Indonesia ranks first among 23 lower-middle-income countries in establishing effective limits on governmental power, a recent report has said.
“The country ranks first among lower-middle-income countries for checks on government power and open government,” the World Justice Project’s (WJP) Rule of Law Index for 2012 said, according to a statement obtained by the Jakarta Globe on Friday.
Overall, out of a total of 97 countries assessed, Indonesia ranks 29th in establishing effective limits on government power and 35th in open government.
“Indonesians enjoy higher degrees of participation in the administration of the laws than individuals in other East Asia and Pacific region countries,” the report noted.
However, the report also identified endemic corruption and weaknesses in the judicial system present throughout the country.

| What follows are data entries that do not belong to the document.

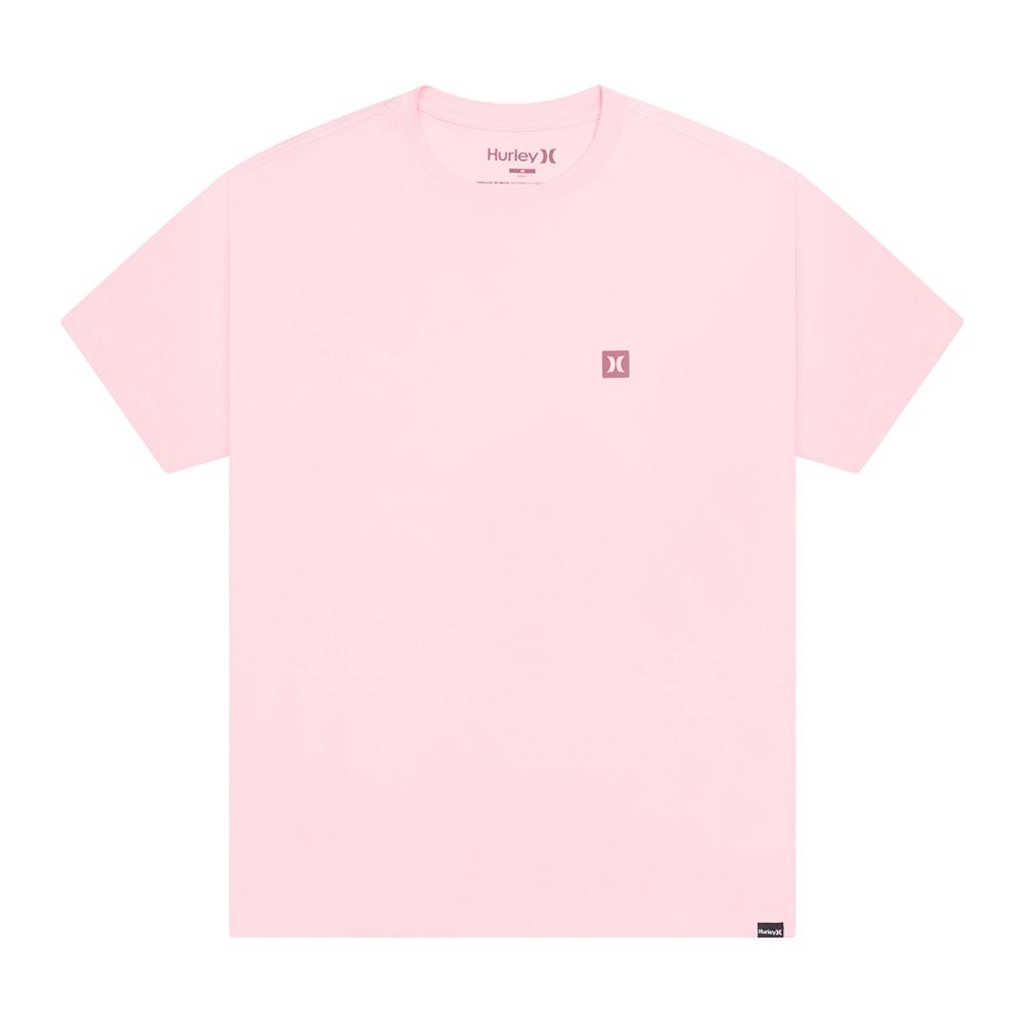 Camiseta Masculina Hurley Mini Icon II SM26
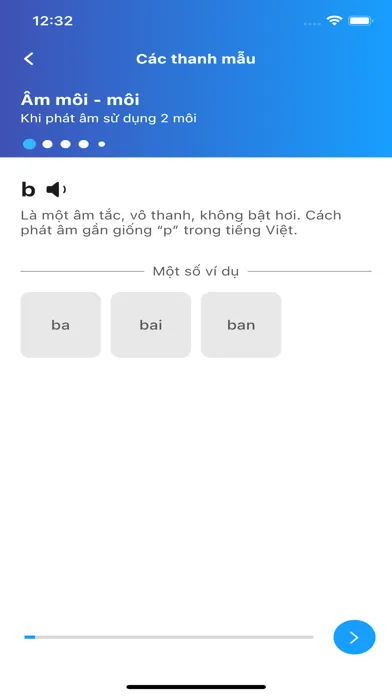 Tiếng Trung cơ bản Screenshots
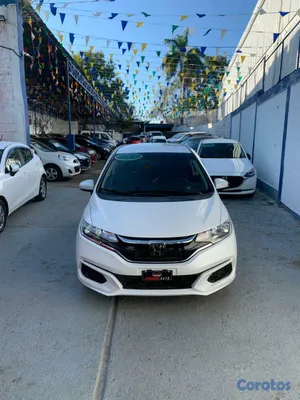 2020 Honda Fit — foto 4 / 12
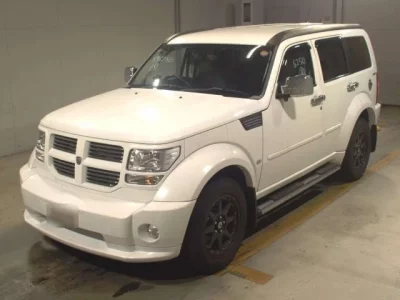 Dodge NITRO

“Corruption is pervasive, ranking last in the region and 86th globally. The courts are perceived to be independent of government control, but affected by powerful private interests and corruption,” the WJP said.

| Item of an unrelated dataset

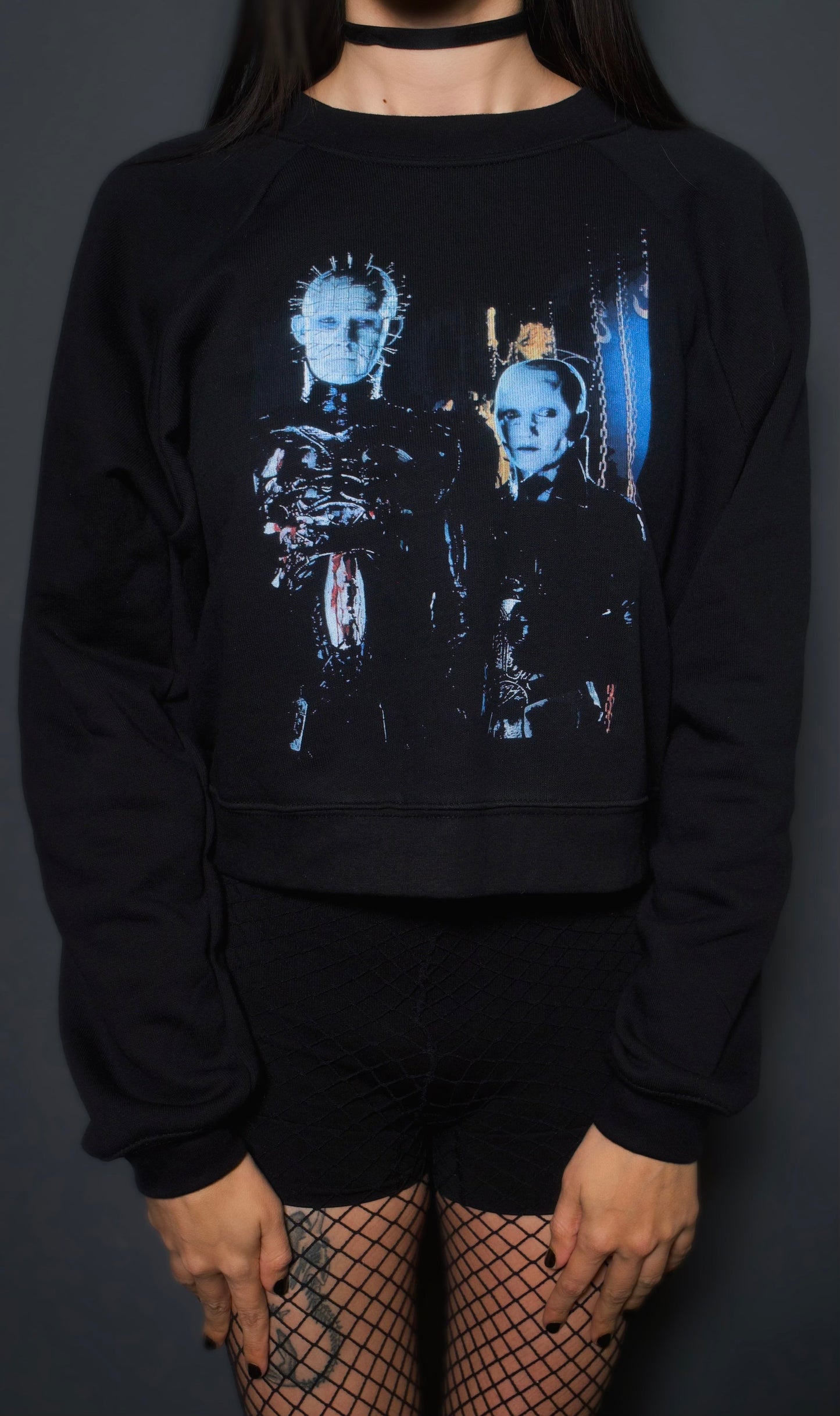 Cenobites Pullover Sweater (Unisex)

The assessment also added that the civil justice system remained underdeveloped, ranking 66th overall and 10th among lower-middle income countries, because of a lack of affordable legal series, inefficient enforcement mechanisms and the lengthy duration of cases.
Police abuses and harsh conditions at correctional facilities were also singled out by the report as posing “significant problems.”
“Achieving the rule of law is a constant challenge and work in progress in all countries,” World Justice Project founder William H. Neukom said.
He added that the index was not designed to shame or blame, but instead to provide useful reference points for countries of the same regions, with comparable legal culture and similar income levels.
Australia, Japan, New Zealand and Singapore lead the East Asia And Pacific region in most dimensions concerning the rule of law.
The World Justice Project is an independent, non-profit organization working to advance the rule of law. Its index reports are issued annually.